The district court granted a preliminary injunction, finding in part that the Sloan Group had shown irreparable injury. The Spence Group challenged this finding, the order to remove sculptures, restrictions on what the Spence Group can say and the consideration of evidence presented after the hearing had ended.
With regard to irreparable injury, the Tenth Circuit disagreed with the Sloan Group’s argument that courts should presume irreparable injury whenever a plaintiff establishes trademark infringement. While acknowledging that it sometimes referred to a presumption of irreparable injury in similar circumstances, the Tenth Circuit rejected this approach citing the Supreme Court’s 2006 decision in eBay. In this, the Supreme Court cautioned against categorical rules that would undermine the traditional four-part test for preliminary injunctions in cases involving intellectual property. The Tenth Circuit noted that after the district court had granted the preliminary injunction, Congress amended the Lanham Act to expressly allow a presumption of irreparable injury when the owner of a trademark proves likelihood of success on the merits. However, because no such presumption existed at the time of the decision, the court held that it could not presume irreparable injury.
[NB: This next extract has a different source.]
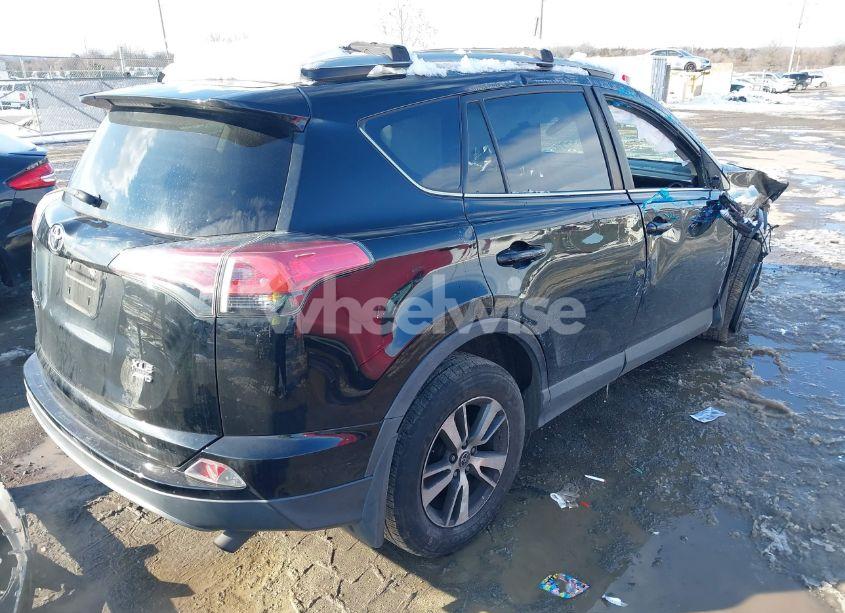 Photo 4 of 2017 Toyota Rav4 XLE (VIN 2T3RFREV2HW551505)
The Spence Group argued that without a presumption, the Sloan Group did not prove irreparable injury; in response, the court held the opposite, finding that the evidence permitted a reasonable factfinder to infer irreparable injury. It also said that “[t]hough a rebuttable presumption didn’t exist, its underlying logic could bear on the existence of irreparable injury”. That logic involves difficulties, both in distinguishing between the services of the trademark owner and the services of a competitor, and quantifying the damage from consumer confusion. The court relied on the Sloan Group’s efforts to protect its name and logo as trademarks and evidence of likely confusion among customers of the college. The court pointed out the Spence Group’s use of Instagram for a post that incorporated the college’s logo and the hashtag #traillawyerscollege. The Tenth Circuit held that “[t]aken as a whole, the evidence provided reasonable support for the finding of a risk to the College’s reputation and goodwill”.
With regard to the preliminary injunction, the Tenth Circuit held that the district court did not abuse its discretion in finding irreparable harm.